(Captioned web image data)
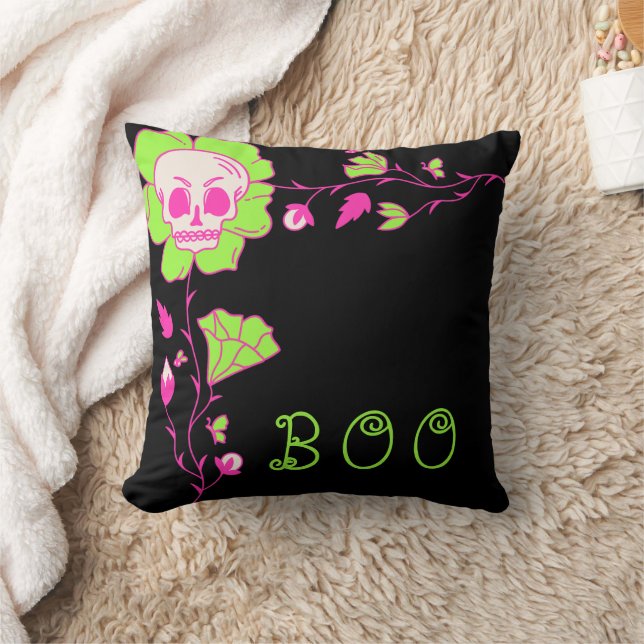 Coussin Famille classique de crâne noir et rose Halloween (Couverture)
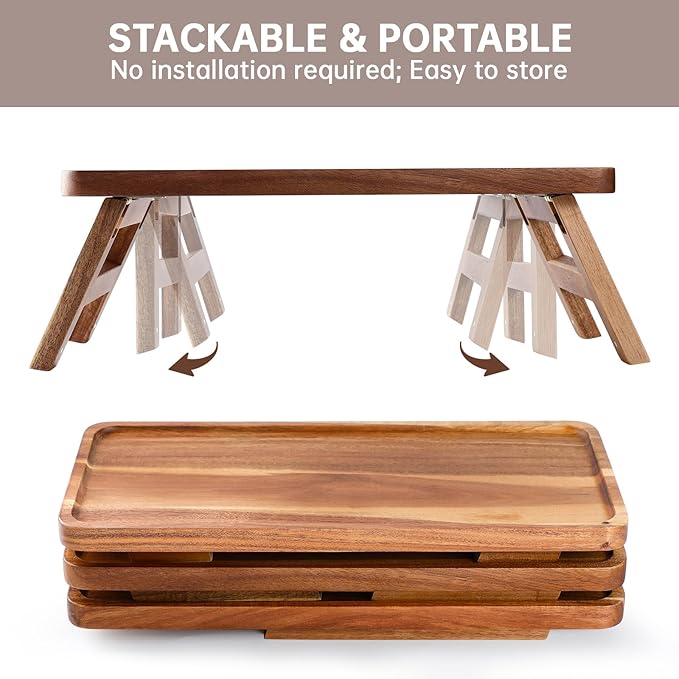 3 Tier Serving Tray 17 Inch Wooden Tiered Tray Stand Foldable Dessert Table Display Set Decor Charcuterie Boards Rustic Wood Platters Trays for Party Food Display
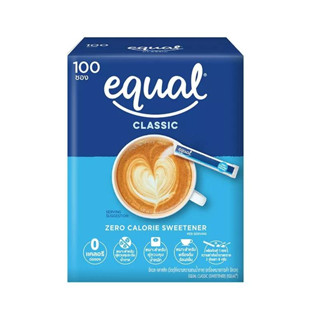 Equal Classic อิควล น้ำตาลเทียม 0 calories ชนิดผง สารให้ความหวานแทนน้ำตาล (1 กล่อง100 ซอง)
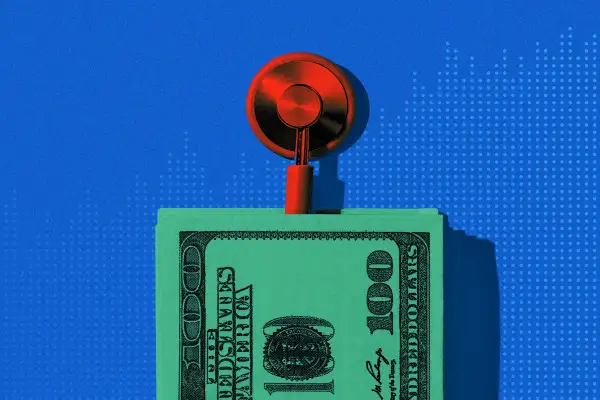 Photo-illustration of a stethoscope coming out of a one hundred dollar bill.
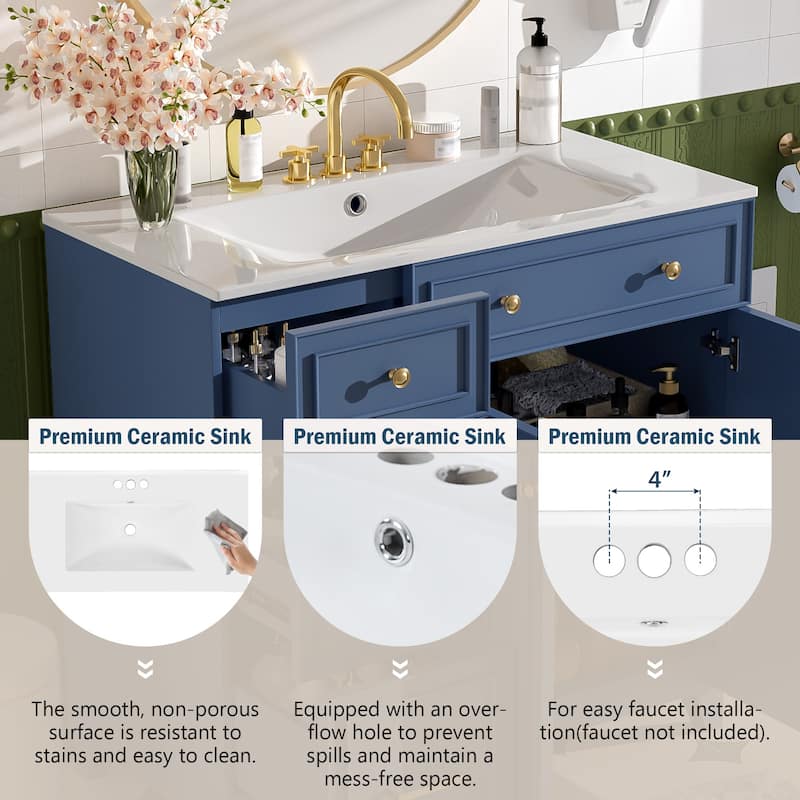 36" Bathroom Vanity with Ceramic Sink, Soft-Close Doors, Drawers, Adjustable Shelf, Modern Storage Cabinet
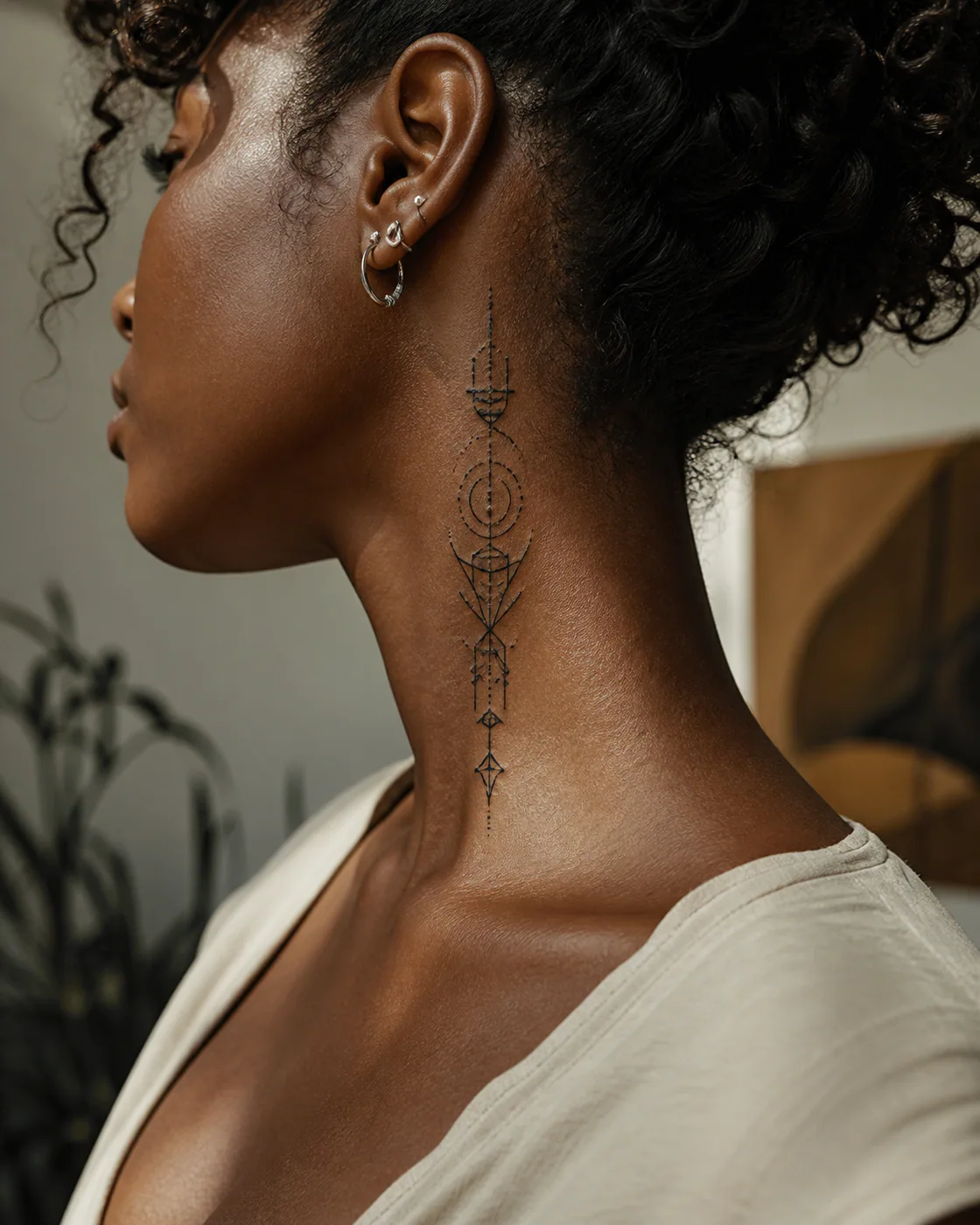 Cyber Sigilism Symbolic tattoo on the Neck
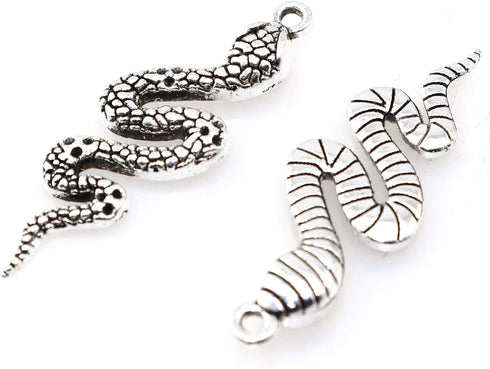 20PCS Snake-shape Charms Pendants Accessory Mixed Smooth Metal Charms for DIY Jewelry Making and Crafting, Ancient Silver...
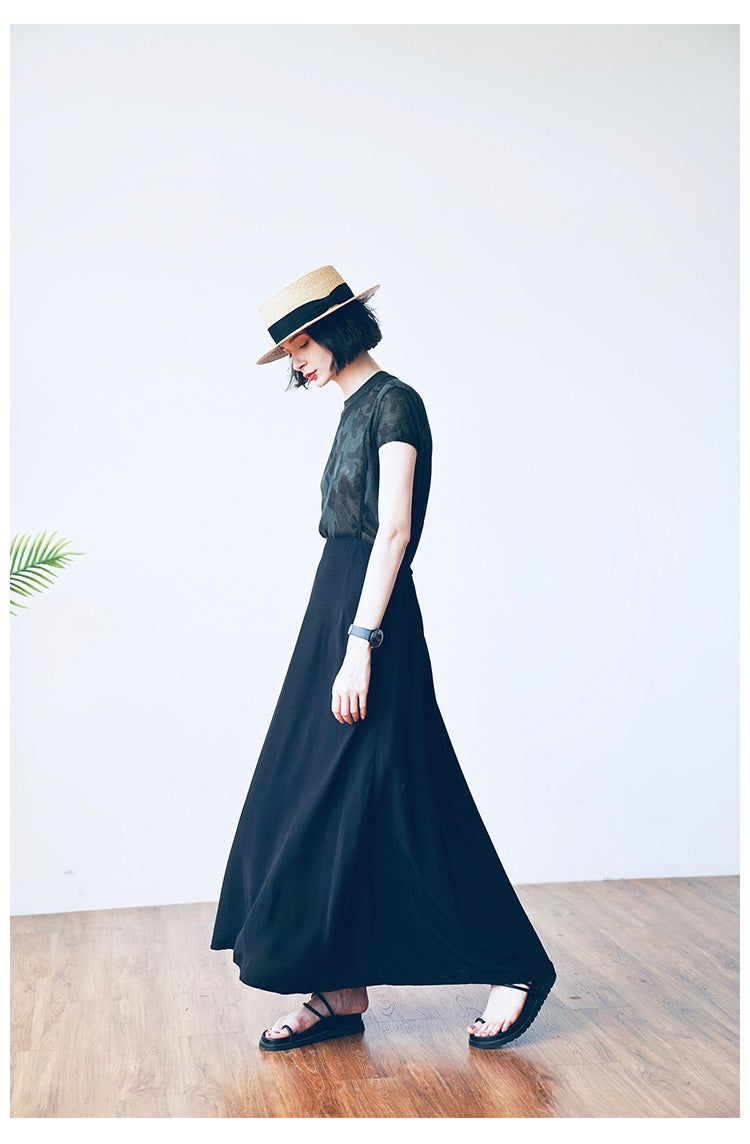 Strap half skirt for women,  half body A-line skirt, high waist black half skirt, women's long style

▶ ACTIVITY
Above are records; write out the lines from the one with "3 Tier Serving" down to the one with "Photo-illustration of a", exactly, leaving the pictures out.

▶ TASK RESULT
 3 Tier Serving Tray 17 Inch Wooden Tiered Tray Stand Foldable Dessert Table Display Set Decor Charcuterie Boards Rustic Wood Platters Trays for Party Food Display
 Equal Classic อิควล น้ำตาลเทียม 0 calories ชนิดผง สารให้ความหวานแทนน้ำตาล (1 กล่อง100 ซอง)
 Photo-illustration of a stethoscope coming out of a one hundred dollar bill.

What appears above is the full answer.